Entries taken from a collection
++++++

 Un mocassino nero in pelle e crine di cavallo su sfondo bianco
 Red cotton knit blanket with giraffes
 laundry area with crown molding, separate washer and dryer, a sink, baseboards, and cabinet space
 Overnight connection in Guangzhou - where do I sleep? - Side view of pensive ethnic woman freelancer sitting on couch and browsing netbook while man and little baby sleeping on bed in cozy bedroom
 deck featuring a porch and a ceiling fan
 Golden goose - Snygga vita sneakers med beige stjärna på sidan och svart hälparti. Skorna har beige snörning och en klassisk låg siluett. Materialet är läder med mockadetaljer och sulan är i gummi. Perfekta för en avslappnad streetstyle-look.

++++++

__YOUR OBJECTIVE__
All the records above need to be printed exactly.

__ANSWER TO THE EXERCISE__
 Un mocassino nero in pelle e crine di cavallo su sfondo bianco
 Red cotton knit blanket with giraffes
 laundry area with crown molding, separate washer and dryer, a sink, baseboards, and cabinet space
 Overnight connection in Guangzhou - where do I sleep? - Side view of pensive ethnic woman freelancer sitting on couch and browsing netbook while man and little baby sleeping on bed in cozy bedroom
 deck featuring a porch and a ceiling fan
 Golden goose - Snygga vita sneakers med beige stjärna på sidan och svart hälparti. Skorna har beige snörning och en klassisk låg siluett. Materialet är läder med mockadetaljer och sulan är i gummi. Perfekta för en avslappnad streetstyle-look.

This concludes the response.